Non-compete clauses are definitely unenforceable in California. Unlimited non-compete clauses (saying you can never, ever for the rest of your life work for your employer’s competitors anywhere on earth) are also probably unenforceable anywhere in the United States. In any State of the United States with fair trade practices legislation that prohibits restraint-of-trade (which is to say, most likely all of them) a lawyer could argue the clause is “void as against public policy” (meaning it violates the fair trade laws).

HOWEVER, if a non-compete clause is given a reasonable scope (time limit and territorial limit) AND specifically references some proprietary information provided by your employer to do your job, they might be enforceable.

For example, let’s say you are in sales, and you employer gives you a customer or sales contact list. That’s information that took some work to get. It has a value which can be enforced either in contract or by using a statute that prohibits misappropriation of trade “secrets” (which means it’s not void as against public policy).

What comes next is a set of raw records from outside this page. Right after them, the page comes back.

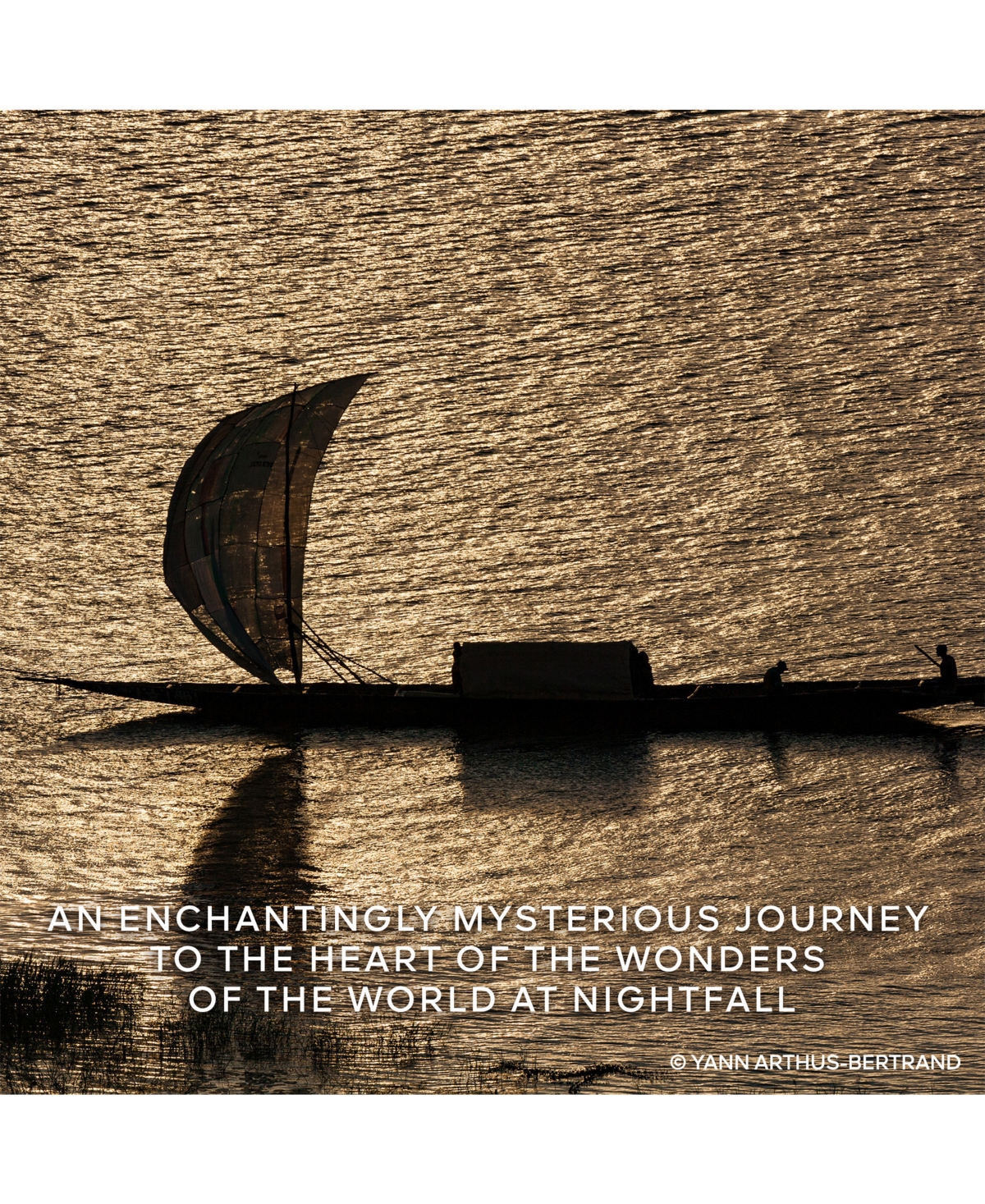 Guerlain Unisex Santal Royal Edp Spray 4.2 oz Fragrances 3346470148246 In No Color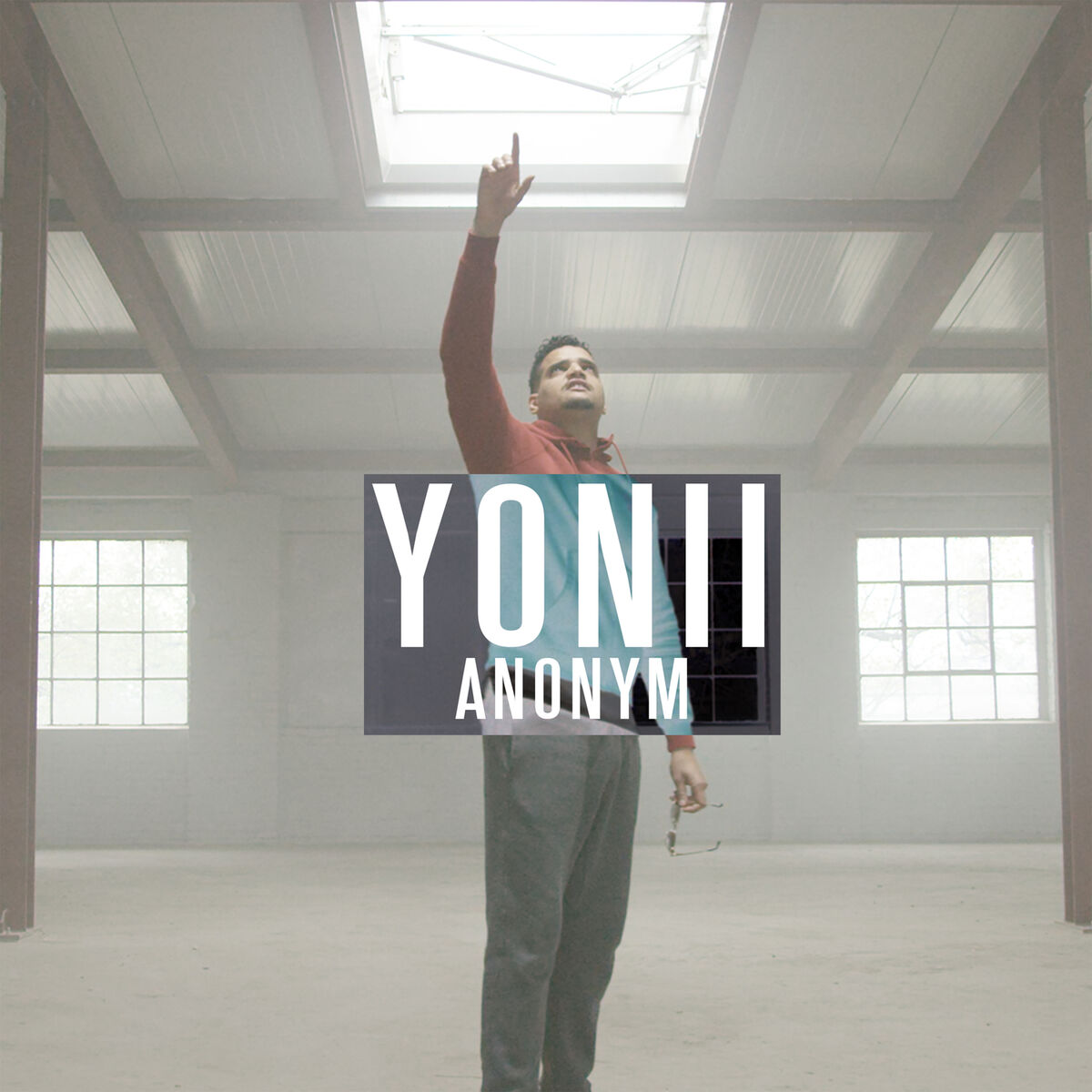 Album cover of Anonym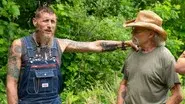 Goldshiner still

So if you non-compete clause says “you can’t quit and then go to a competitor and use our contact list to find customers for six months in the Tri-Cities Area” a court *might* find that enforceable.

And it doesn’t take a genius or a law degree to see why: your former employer isn’t enforcing some random contractual bullshit intended to harm its competitors by making talented employees unavailable (unfair trade practice) but rather preventing you from *stealing* valuable information from the company. Big difference.